Ay Qap (آی قاپ, Айқап, Aiqap in modern scripts) was a Kazakh journal of opinion and debate published in Troitsk from January 1911 until September 1915 under the editorship of Mūhammedjan Seralin.
==Ideological orientation==
The journal brought together well-known nationalists and reformists, progressivist thinkers and scholars, educators and writers, such as Ahmed Baytursınulı, Älikhan Bökeikhanov, Mir Yaqub Dulatūly, Mäşhür Jüsip Köpeev, Muhammedjan Jūmabayev, Beiımbet Mailin and many others. Articles focused mainly on questions related to the modernisation of the Kazakh customary society, Russian politics, land redistribution and educational issues. It also published a lot on Kazakh language and literature.
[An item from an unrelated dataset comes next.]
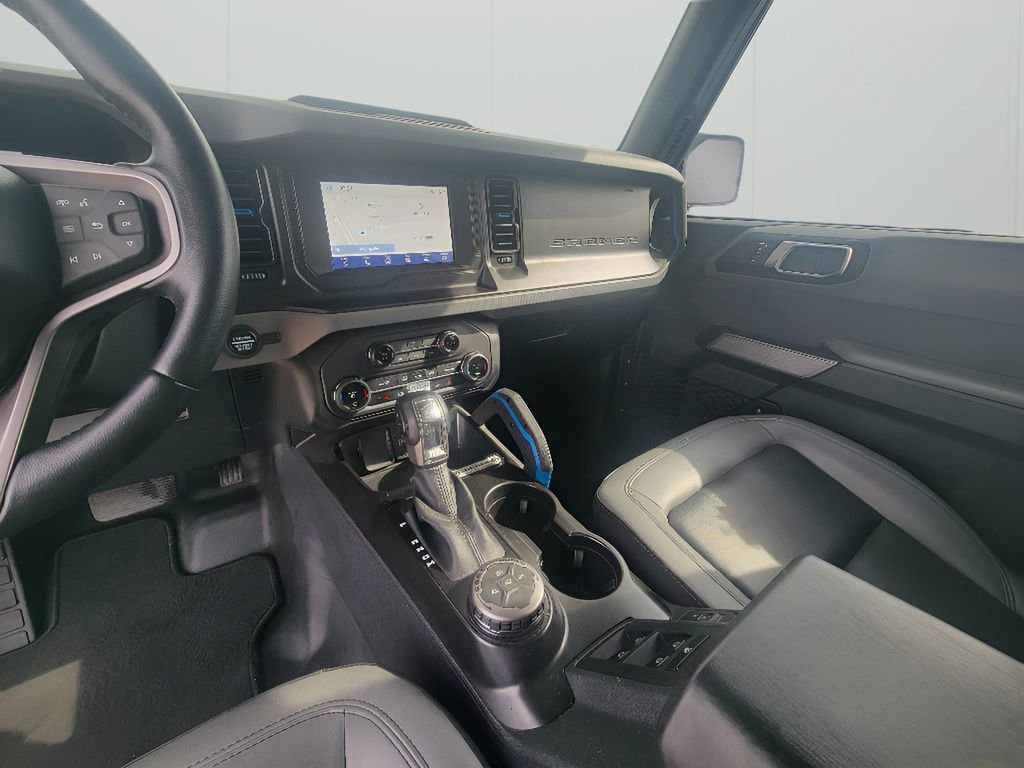 Used 2023 Ford Bronco Black Diamond image 17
Along with Qazaq (published between 1913 and 1918), Ay Qap played an important role in the development of the intellectual and political life among early 20th century Kazakhs.
==Funding==
The magazine was founded with the support of the Yaushev merchant family from Troitsk. Subsequently, it relied fully on sales and subscriptions (in 1912, one issue sold approx. 1000 copies). Issued at first monthly and then twice a month (in 1913 and 1914), it published eighty-eight issues (twelve in 1911, fourteen in 1912, twenty-four in 1913 and 1914, fourteen in 1915). Publication was stopped because of financial problems and political pressure.
==Arabic script==
The journal was printed in the Kazakh Arabic script, which was the official script for the Kazakh language until 1929. The language displays features common to the literary language in use at that time among Central Asian and Volga intellectuals mixed with more typically Kazakh elements.
==Reprint in the 1990s==
The original articles have been recently reprinted in Cyrillic script (with a substantial adaptation to modern standard Kazakh language) with a thematic index and a general introduction (Субханбердина ж. б., 1995).

==See also==
A weekly Internet journal whose slogan clearly evokes the historical Ay Qap is currently being published under the same name: Айқап. Қоғамдық-саяси апталық.